▶ _DATA_:
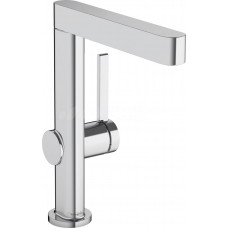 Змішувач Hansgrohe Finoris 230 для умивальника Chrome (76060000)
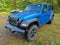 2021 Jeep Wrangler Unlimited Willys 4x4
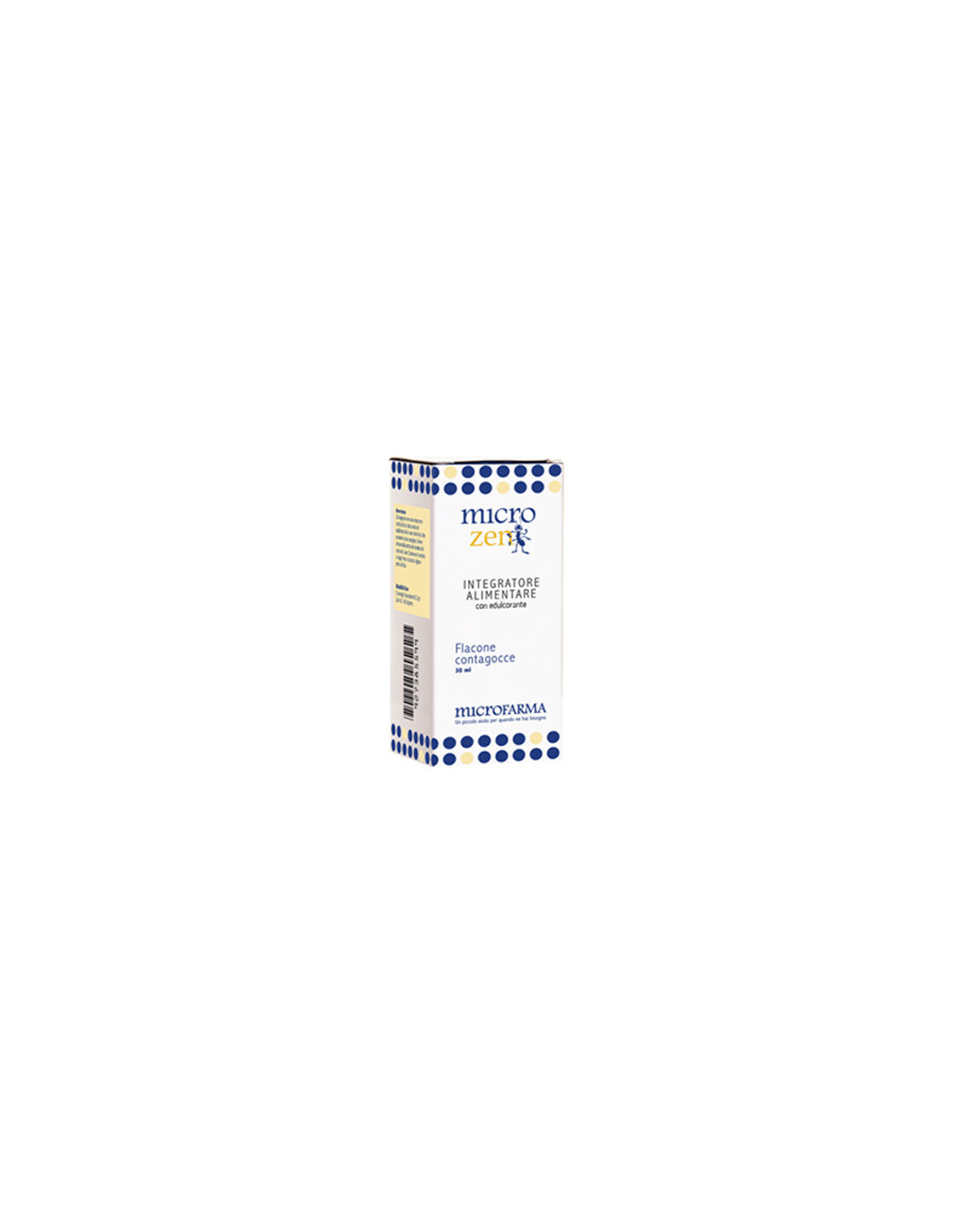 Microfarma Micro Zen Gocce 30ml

---

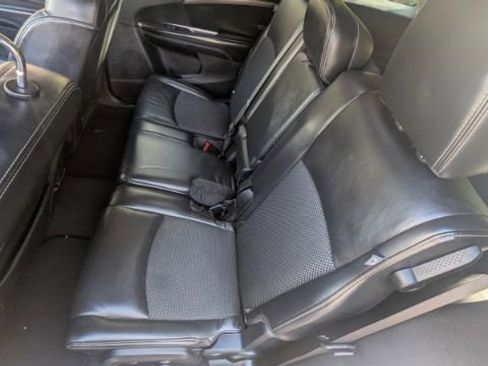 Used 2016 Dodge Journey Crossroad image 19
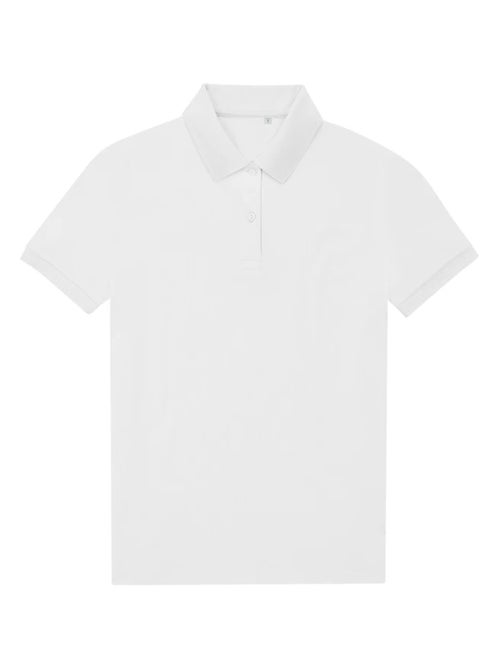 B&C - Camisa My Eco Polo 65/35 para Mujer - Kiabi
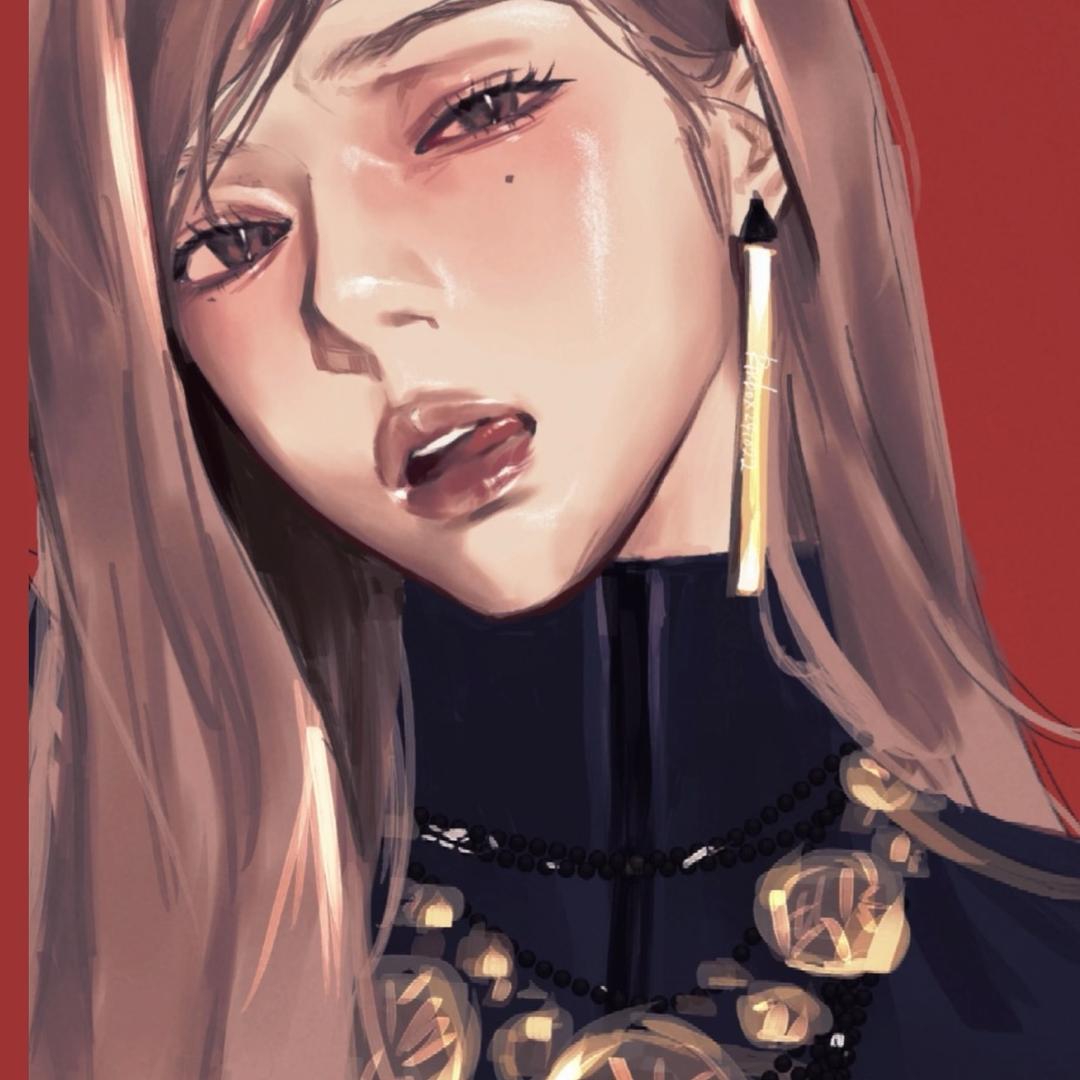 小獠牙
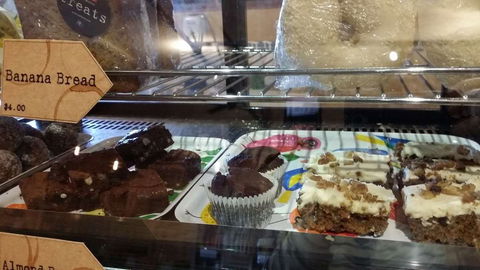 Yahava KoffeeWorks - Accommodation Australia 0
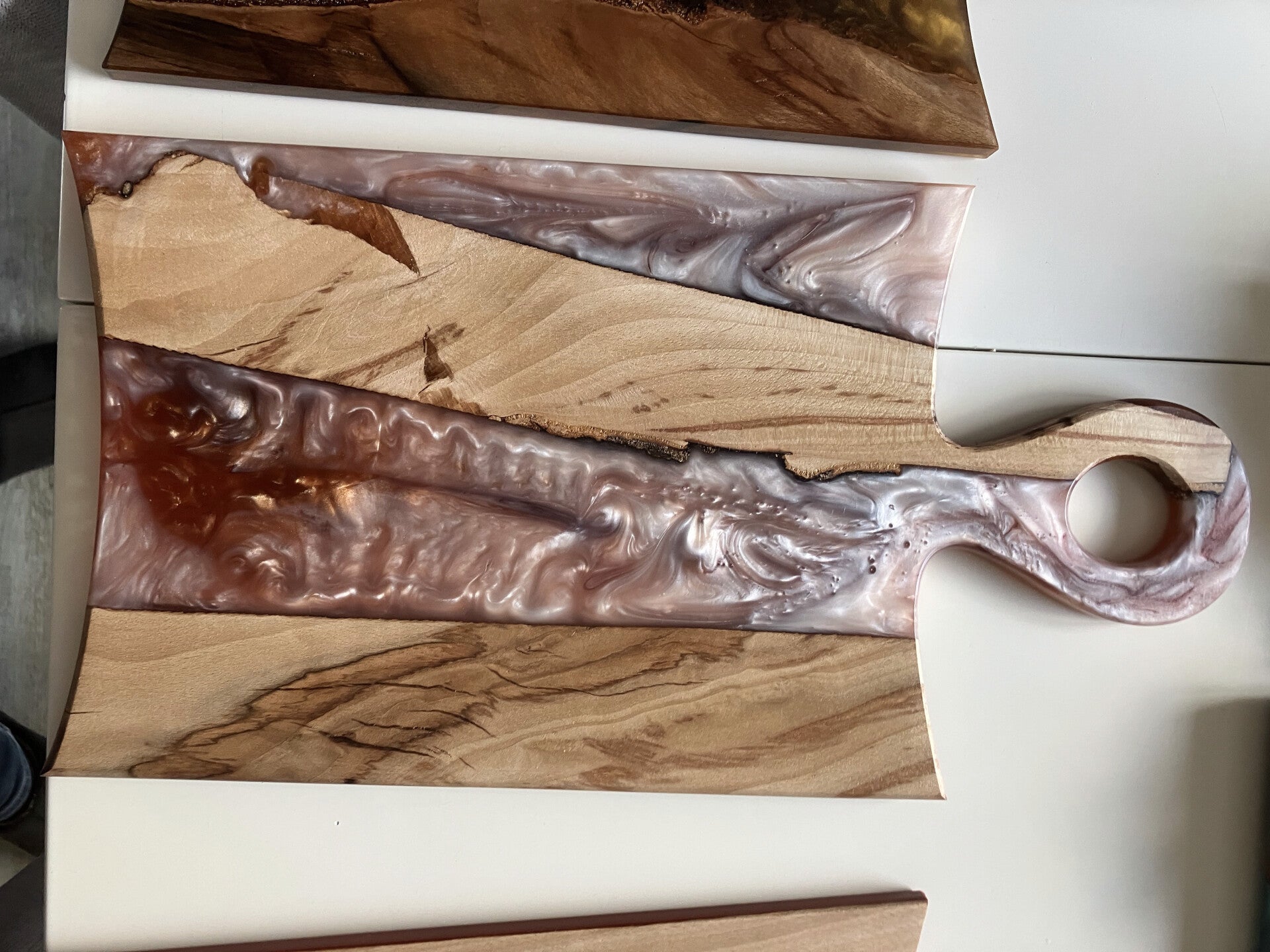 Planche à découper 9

▶ _WHAT NEEDS TO BE DONE_:
Skipping the pictures, print the lines in the listing above exactly as written, starting at the line with "B&C - Camisa" and ending at the line with "Planche à découper 9", both included.

▶ _SOLVED EXERCISE_:
 B&C - Camisa My Eco Polo 65/35 para Mujer - Kiabi
 小獠牙
 Yahava KoffeeWorks - Accommodation Australia 0
 Planche à découper 9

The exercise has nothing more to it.